They put everything they had into it.
I felt feverish with a blush by the time we finally starting carrying bowls of hot food into the giant dining room.
"You survive?" Kingston asked, snagging me before I could make another trip back into the kitchen, dragging me down a hall and into the empty living room since the Mallick men and children didn't need a second invitation to the table.
"Barely," I grumbled, letting him pull me to his chest, wrapping his arms around me, breathing in his woodsy, sawdusty scent. "I can't unhear the things I have heard tonight," I told his neck.
"If it makes you feel any better, I was cornered by Charlie and all the Mallick guys demanding to know my intentions toward you."
"No way," I said, shaking my head, barely able to picture that, to imagine them all caring that much about me to want to make sure that the men in my life had honorable intentions.
My own father had barely ever greeted any of my ex-boyfriends.
It would have never crossed his mind to question them.
"Yep," he agreed, running his hand down my back, one of his hands grabbing my ass for a second before moving back up. "And then Shane informed me that if I hurt you, my kneecaps will pay for it."
"He did not say that," I objected, pulling back far enough to look up at him.
"He said it. And, what's more, he meant it. So, I better be good to you, huh?" he asked, squeezing me tighter.
"Ew," a disgusted voice grumbled as they moved past. From the back, it was impossible to tell which Mallick kid it was. "The adults in this family are gross," he added, making his way into the dining room.

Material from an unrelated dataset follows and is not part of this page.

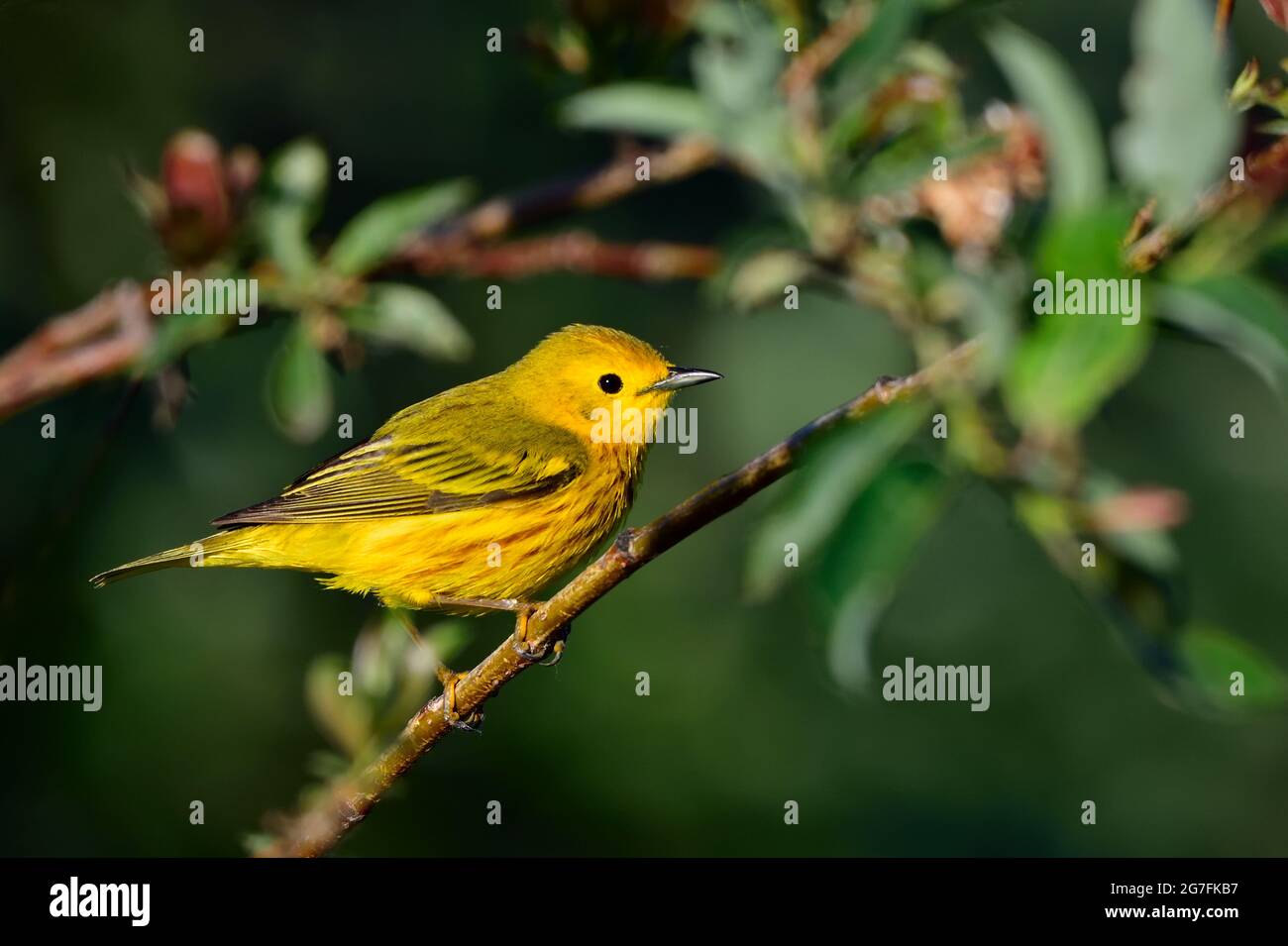 A Yellow Warbler ' Dendroica petechia', perched on a willow branch in rural Alberta Canada. Stock Photo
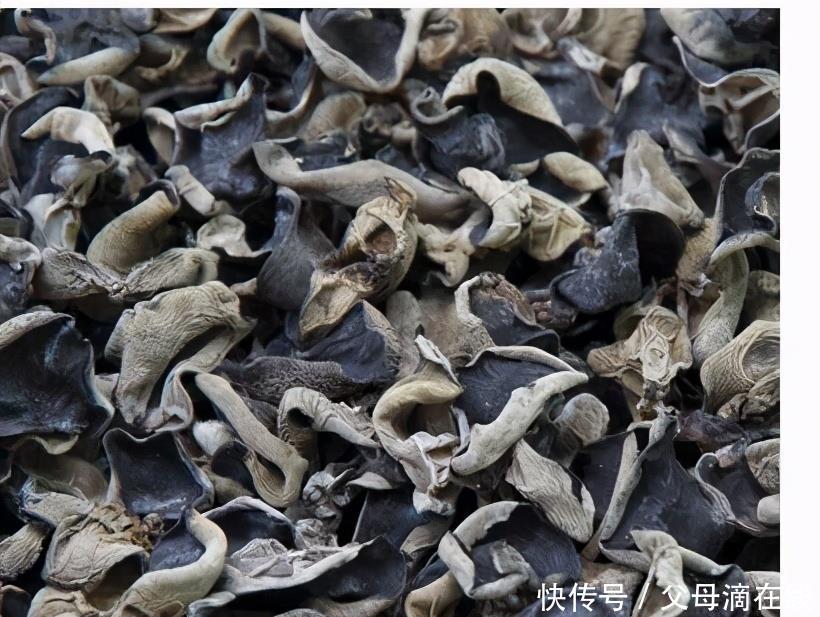 孩子|孩子想要变聪明,3种食物多吃点,营养丰富,健脑益智,不妨一试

"Someday," I said, turning back to Kingston, "maybe we can disgust our very own children."
The smile he gave me made my heart squeeze in my chest.
I wanted to tell him right then and there.
That I felt it.
That I had felt it for a long time.
Even if the world would tell us it was too soon to say it even if we did feel it.
But Helen called us to dinner.
And honorary members of the family or not, you did not make Helen Mallick call you a second time.
So, I kept it to myself.Kingston - 2 months"He picked the hottest day of the goddamn month to drag us out here," Nixon grumbled, stabbing the shovel into the ground, preparing the hole for a new fence post.
He wasn't exactly wrong.
All of us were miserable.
Spring had been a fake-out of a season, tripping over itself to catapult us directly into summer. The sun smirked down from the sky, burning skin, making a sweat pool down our backs and chests as we dug, mixed concrete, attached fencing.
"Oh, what are you bitching about?" Rush asked, unraveling the next few yards of galvanized fencing across the ground. "You weren't the one he had on the roof in a rainstorm to try to figure out where the leaks were coming from. I was a goddamn lightning rod up there."
Helen won the bet.
As if there was ever any doubt.
We were officially living together, though we did flip-flop between houses. Depending, a lot of time, on the weather. If the rain slapped or the wind whipped, the farmhouse dripped or cold air screamed through the ancient windows.
With the new help at the shop, Savea managed to cut back her hours a bit. I had tried to cut down mine as well, hiring someone to handle the administrative stuff I never had time to finish during my own workday.
We'd catch some food, take the dogs for a walk, then head over to the farmhouse where we had a temporary run set up for them to play around as we did projects inside.
The roof had been a main priority. Then undoing all the damage from it, skimming the walls, repainting.
We'd taken turns working the sanding machine to refinish the floors, then stained them a warm medium tone that set off the ancient, charming nail heads.
She'd once joked that the list of to-do projects at the house was as long as her leg. I'd thought at the time that she had been exaggerating. Until we really started spending some time there, getting wet, cold, squinting anytime we had to go into the bathroom because of the hideous porcelain color, struggling for elbow room in the kitchen if we were trying to cook meals together on the range that I was pretty sure pre-dated me.
I had been tip-toeing around bringing up something I had realized after only maybe a night staying there.
A major addition was called for.
We'd managed to get a queen-sized bed in the bedroom, but it had left almost no walking room. The kitchen needed to expand outward. An actual dining room would be nice instead of the teensy eat-in kitchen. A family room where our family could actually fit would be great. And, well, if we were going to have any children, they would need rooms as well.